A two-stage sampling procedure was employed. Household registers from local authorities served as the primary sampling frame, while systematic random sampling (every third household along pedestrian pathways) was used where registers were incomplete. Only households actively involved in food gardening were included.

Quantitative data were collected using a structured questionnaire administered through face-to-face interviews in participants' native languages by trained local enumerators. The instrument was pretested in a neighboring community with similar socio-environmental conditions to ensure clarity, contextual appropriateness, and reliability.

To complement survey findings, four focus group discussions (FGDs) were conducted with purposively selected participants, stratified by gender, age group, and gardening experience. Recruitment was facilitated by community leaders and expanded through snowball sampling to identify experienced gardeners. Each FGD comprised 8–10 participants, yielding a total of 36 discussants.

The FGDs explored perceptions of water scarcity, inter-household water-sharing practices, barriers to conservation, and community-based adaptation practices. Data collection took place in April 2024, with qualitative sampling ceasing once data saturation was reached. All interviews and discussions were audio-recorded with consent, transcribed, and translated for thematic analysis.

3.4 Statistical thematic content analysis

Quantitative data were analyzed using IBM SPSS Statistics Version 29 (SPSS Inc., Chicago, IL, USA). The analysis comprised two stages: (i) univariate analysis to describe socio-demographic characteristics and key variables related to household gardening and water use, including frequencies, percentages, and summary statistics; and (ii) bivariate analysis using Pearson's chi-square test (χ²) to assess associations between socio-demographic variables, water scarcity experiences, and awareness of climate-smart practices. It is acknowledged that chi-square analysis identifies associations but does not establish causal relationships; results are therefore interpreted within this limitation. A significance level of p < 0.05 was used to indicate statistical significance. Qualitative data from open-ended survey responses and FGDs were analyzed thematically. Coding was conducted inductively to identify recurring patterns, perceptions, and strategies related to water management, constraints, and adaptive practices. Thematic analysis allowed for the integration of diverse community perspectives, complementing quantitative findings and strengthening the interpretation of results.

4 Results

4.1 Household characteristics and water scarcity in crop cultivation

Table 1 summarizes the characteristics of the 192 surveyed households. A majority were female-headed (63.1%). Crop failure due to water scarcity was more frequently reported by female-headed households (53.3%) than male-headed households (27.2%), with this association bordering on statistical significance (χ² = 0.063, p < 0.1). Respondents were predominantly older: 45.1% were aged 51–65, and 26.7% were 66 and above.
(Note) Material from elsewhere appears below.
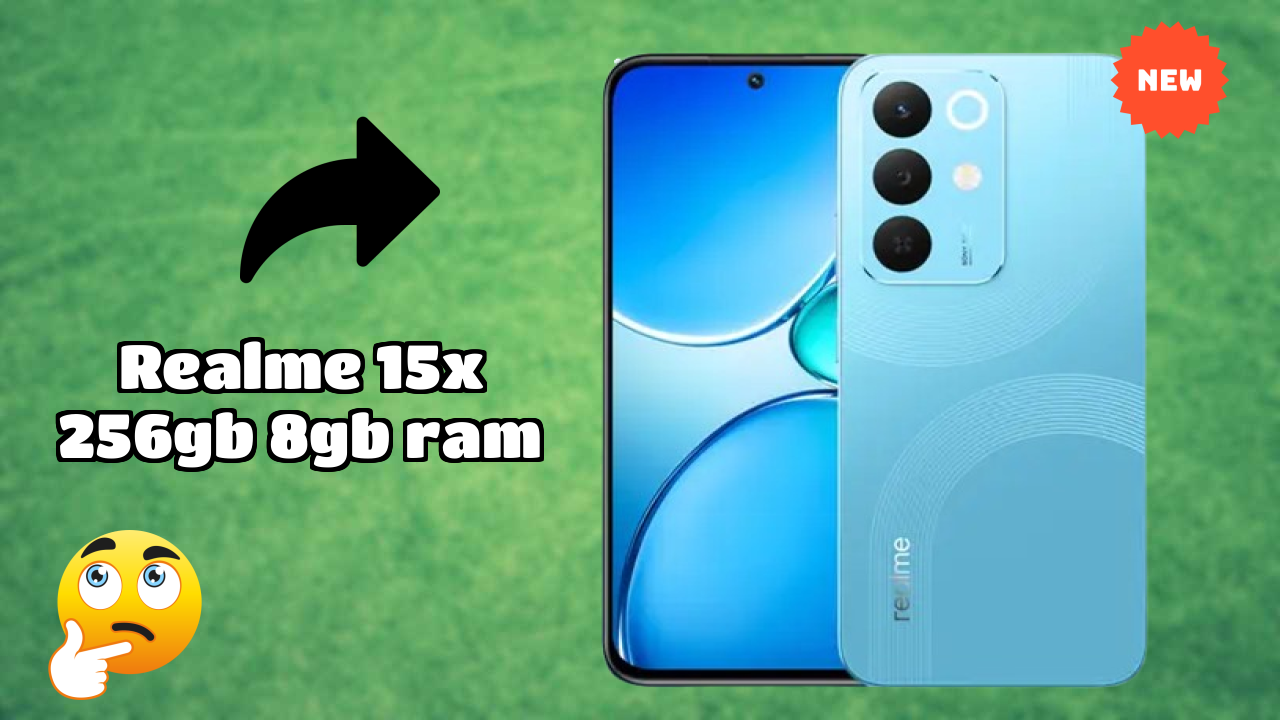 Realme 15x 256GB 8GB RAM क़ीमत गिरावट: सिर्फ ₹19,999 में उपलब्ध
Only 7.7% were aged 21–35, raising concerns about an aging farming population. However, no significant association was found between age and crop failure (p > 0.05). Education showed a strong association: households with higher education levels were less likely to experience crop failure (χ² = 0.000, p < 0.01). Garden use was also important, subsistence gardens (64.1% of households) were more vulnerable to water stress than gardens used for income generation or occasional use (χ² = 0.015, p < 0.05). Other variables (marital status, household size, and income source) were not significantly associated with crop failure, though descriptive patterns suggest slightly higher crop loss among single and widowed households.

Table 1

Table 1. Profiles of respondents and failure of gardening due to water scarcity in the Raymond Mhlaba local municipality.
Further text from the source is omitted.